- _RECORDED INFORMATION_
· · · · · · ·

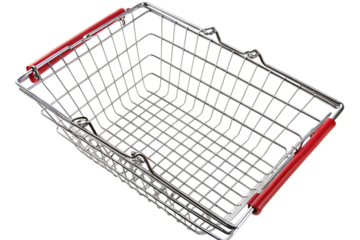 Empty metal shopping basket isolated on white background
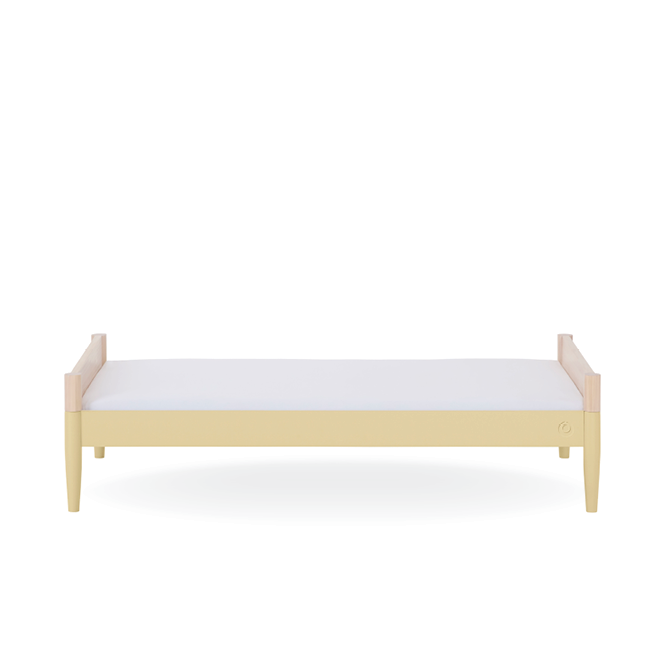 Gaia Baby Eos Cot Bed in natural ash finish with Primrose Yellow accents, showcasing a modern wooden baby cot with slatted sides.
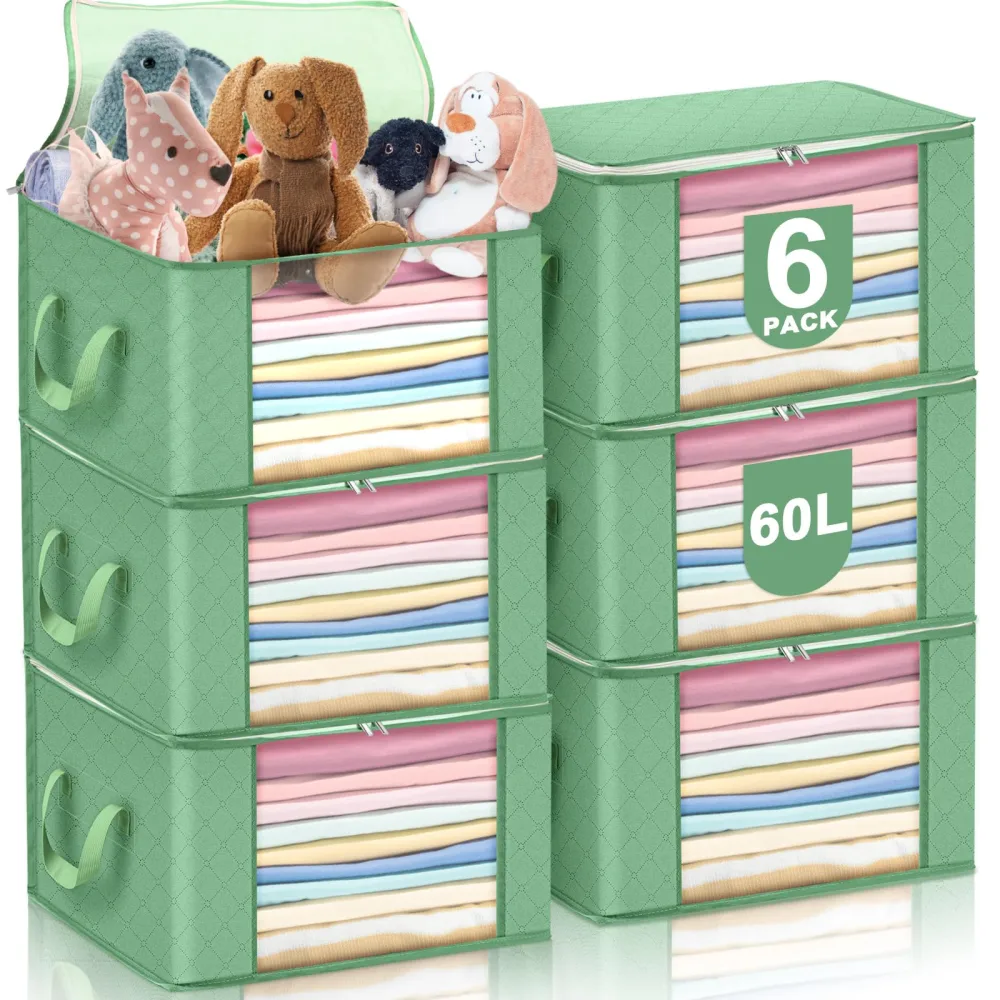 6 Pack 60L Large Pastel Storage Bag Foldable Storage Bins Container with Handle Zipper Organized Stuffed Toys Seasonal Clothes Bed Blanket Sheet Pillow for Kids Room(Green)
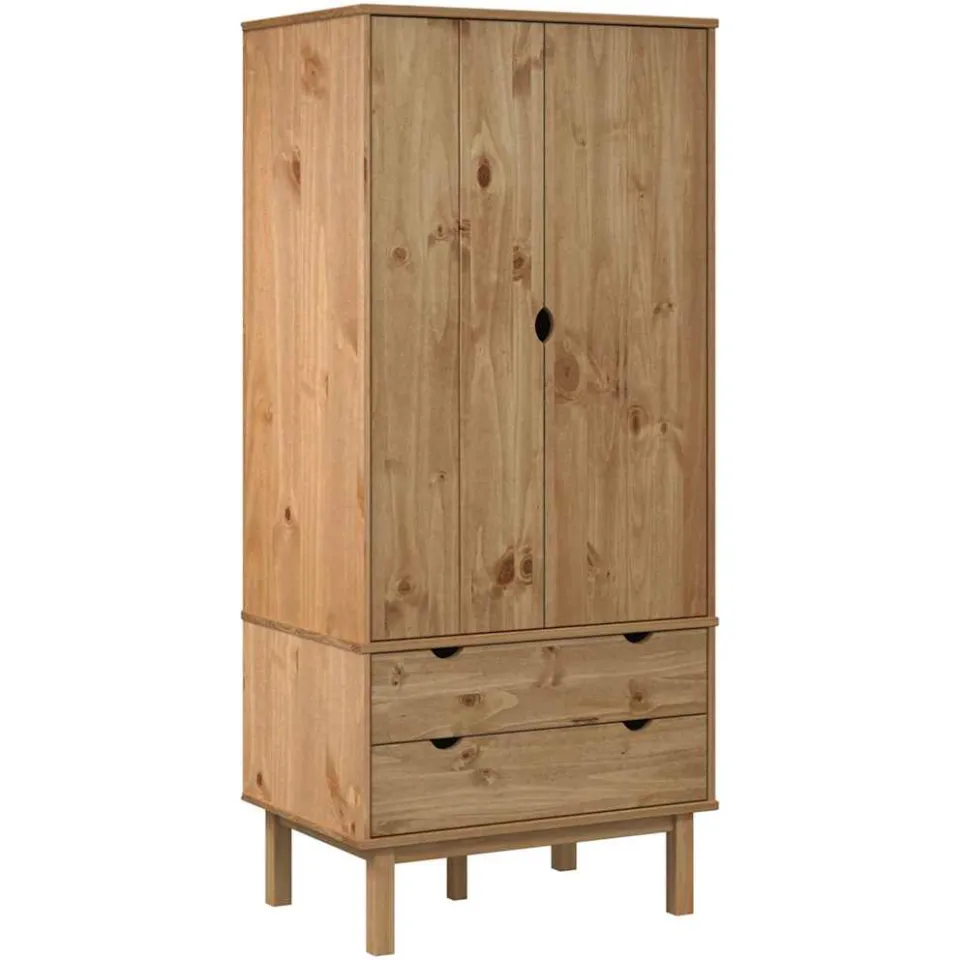 vidaXL Kledingkast OTTA 76,5x53x172 cm massief grenenhout bruin, foto 3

· · · · · · ·

- _WORK REQUEST_
Output the listing exactly, without images.

- _EXERCISE RESULT_
 Empty metal shopping basket isolated on white background
 Gaia Baby Eos Cot Bed in natural ash finish with Primrose Yellow accents, showcasing a modern wooden baby cot with slatted sides.
 6 Pack 60L Large Pastel Storage Bag Foldable Storage Bins Container with Handle Zipper Organized Stuffed Toys Seasonal Clothes Bed Blanket Sheet Pillow for Kids Room(Green)
 vidaXL Kledingkast OTTA 76,5x53x172 cm massief grenenhout bruin, foto 3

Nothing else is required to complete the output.